Le casino en ligne cible particulièrement les joueurs vulnérables. Selon le projet de recherche international eGames, 45 % des joueurs de casino en ligne sont classés comme joueurs excessifs, produisant 65 % du chiffre d’affaires, voire 80 % en incluant ceux ayant des pratiques à risque. En d’autres termes, la majorité des revenus de ces jeux provient de personnes en difficulté avec leur pratique. Sans elles, le modèle économique de ces plateformes n’est pas pérenne.
Les partisans de la légalisation promettent que cette nouvelle offre sera encadrée pour limiter les risques. Mais les spécialistes doutent de la faisabilité de telles mesures. Dans un cadre de régulation souvent laxiste, les jeux de hasard régulés, comme les paris sportifs, bénéficient d’une large diffusion publicitaire, exacerbant les risques de dépendance. L’illusion d’un encadrement strict pourrait s’effondrer rapidement face aux pressions des opérateurs de jeux, réclamant des conditions moins contraignantes pour être compétitifs face à l’offre illégale.

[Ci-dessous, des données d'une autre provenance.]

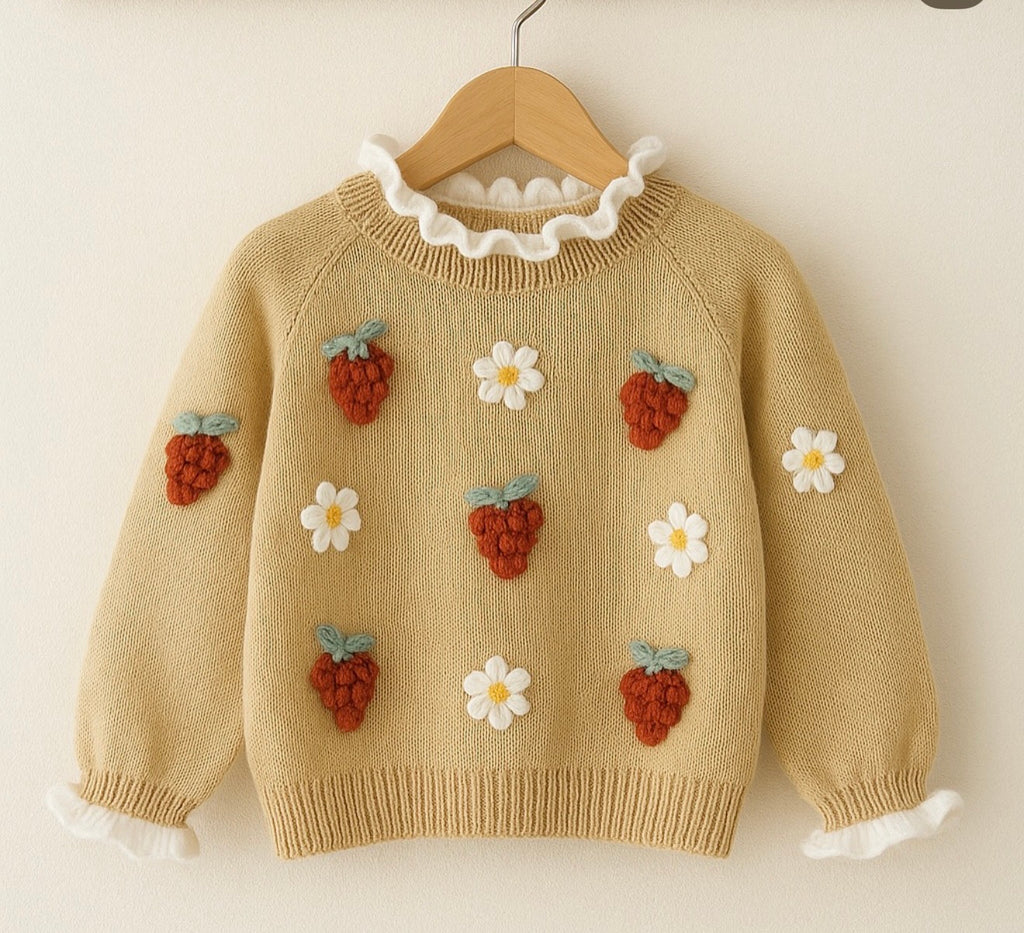 Sweater frutillas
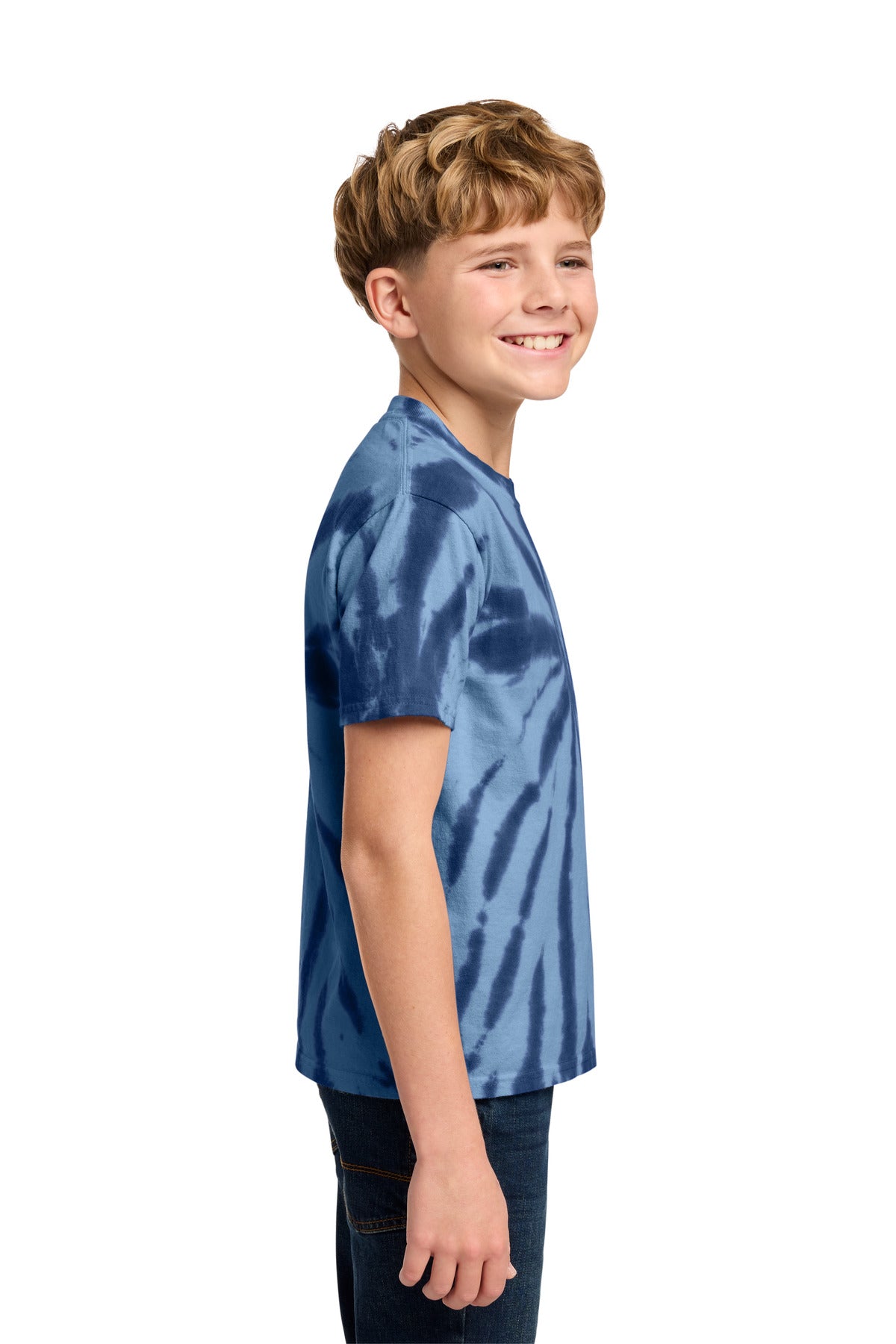 Navy Port & Co Youth Tie-Dye Tee. PC147Y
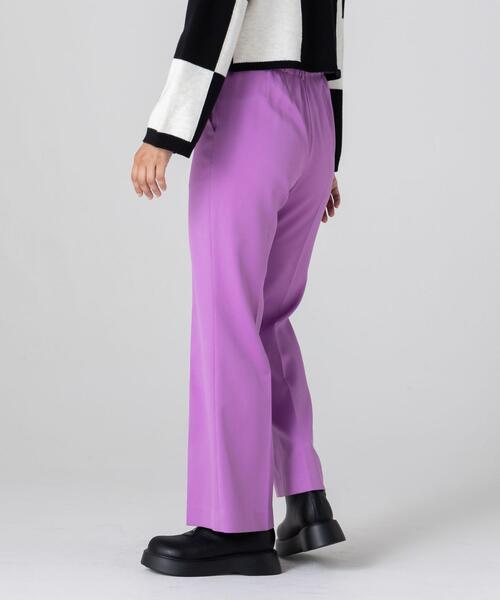 CITEN（シテン）の「＜CITEN＞センタープレス フレアパンツ Ⅱ（その他パンツ・レディース・ダークグレー/ケリー/パープル・S/M）」の7枚目の写真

Un avenir économique incertain
L’idée que la légalisation des jeux de casino en ligne pourrait lancer un nouveau secteur économique est contestée par les spécialistes. Ils estiment que la capacité de dépense des Français dans les jeux d’argent est limitée, et que l’expansion de ce secteur se ferait au détriment des autres structures de jeux. L’État pourrait certes bénéficier de nouvelles taxes, mais à quel prix ? La majorité des revenus de cette nouvelle filière viendrait de joueurs en détresse, créant une activité économique fondée sur la dépendance et la souffrance humaine.
« Depuis 2010 et l’ouverture d’une offre légale de jeux en ligne, les pratiques problématiques de jeu progressent dramatiquement, quasi multipliées par 3 en 10 ans, et plus massivement chez les jeunes majeurs. En 2019, l’État réaffirmait dans la loi la nécessité de prévention du jeu excessif et mettait en place une Autorité nationale des jeux qui s’efforce de mettre en application cet objectif », poursuivent les scientifiques. Ils appellent les parlementaires à privilégier la santé publique et la prudence, pour éviter de reproduire les erreurs commises par d’autres pays confrontés à une montée incontrôlable des dépendances.
Impact sur les casinos traditionnels
Au-delà de la menace pour la santé publique, l’autorisation des casinos en ligne représenterait une concurrence féroce pour les casinos traditionnels. Dans les colonnes des Echos, Grégory Rabuel, directeur général du groupe Barrière et président du syndicat Casinos de France, affirme que l’initiative du gouvernement est « totalement irréfléchie » et pourrait avoir des conséquences « catastrophiques ». « Selon nos calculs, l’ouverture à la concurrence du casino en ligne entraînera une baisse du produit brut des jeux des casinos terrestres de 20 à 30 %, et la fermeture de 30 % des établissements. 15 000 emplois seront également supprimés », indique-t-il
Grégory Rabuel dénonce aussi « une hypocrisie générale de l’Etat qui va mettre à mal des entreprises françaises au profit de plateformes souvent hébergées dans des paradis fiscaux ». Il estime que « 20 à 30 acteurs vont arriver du jour au lendemain ».
De son côté, la Française des Jeux (FDJ) accueille avec réserve l’ouverture des casinos en ligne. « Toutes les études montrent que les casinos en ligne présentent plus de risques que les autres jeux d’argent et de hasard, avec des phénomènes d’addiction qui pourraient augmenter et une offre illégale qui, conformément à ce qu’on observe dans les autres pays ne disparaîtrait pas pour autant », avance-t-elle.
La FDJ estime aussi que les recettes fiscales attendues par le gouvernement (1 milliard d’euros) sont « largement surévaluées ».